I'm getting a lot of troubles trying to publish a .war package containing a Web Start application with commons-configuration-1.3.jar in the build path (com.sun.deploy.net.JARSigningException).

I have already tried to clean the javaws cache, reinstall the application, even reinstalling java (1.6.0_24).

This is a stretch of my NetBeans IDE 6.8 (Build 200912041610) output while creating a JNLP application:

Warning: 
The signer certificate will expire within six months.
Signing JAR: D:\Java\workspace\OTP\DeskOTP\atual\build\cluster\modules\ext\commons-configuration-1.3.jar to D:\Java\workspace\OTP\DeskOTP\atual\build\jnlp\app\br-com-petrobras-ep-gedig-gedigdesktoplibrary\ext-commons-configuration-1.3.jar as jnlp

However, when trying to run I got a JARSigningException for this jar.

So, I decide to solve this disabling this verification. I believe I can decide and tell jvm not to verify my jars (my responsibility).

Is there anyway to tell jvm or javaws to NEVER verify non signed jars?

As a first reaction, I'd say to try java -noverify -jar your_file.jar.

However, this will only work for local jarfiles. It will not work from a web source, which is what is sounds like you're trying to do. Is that right?

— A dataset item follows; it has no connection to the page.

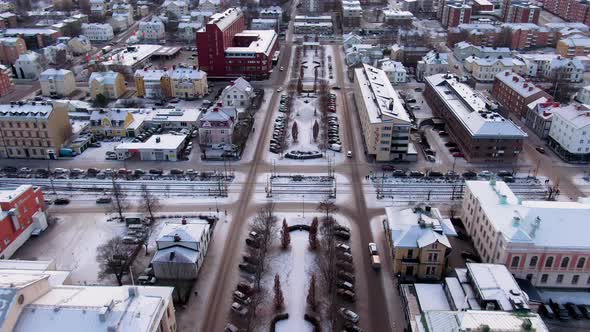 Aerial forward tilt-up reveal view of snowy Sundsvall Swedish cityscape at dusk, Sweden alt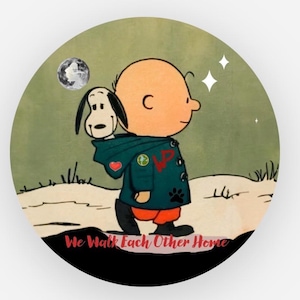 May include: A circular graphic print featuring a cartoon character in a teal hooded jacket with a small dog peeking out from the hood. The character wears orange pants and black boots. The text "We Walk Each Other Home" is printed in red at the bottom.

You can always download the jar from the web, manually remove the signature sections on the manifest and it should work. If the jar happens to be dynamically downloaded from the web as @Riking mentioned in the other reply, then you might be able to get around by proxying the URL to a different server.

Now, if you have access to the deployment build status and is having trouble with expired signatures on artifacts, one alternative might be to re-sign the jar using your company's (Petrobras?) signing certificates. That will allow you to work around expired issues, provided that the build knows it's supposed to pull your version of the artifact instead of the original commons-configuration.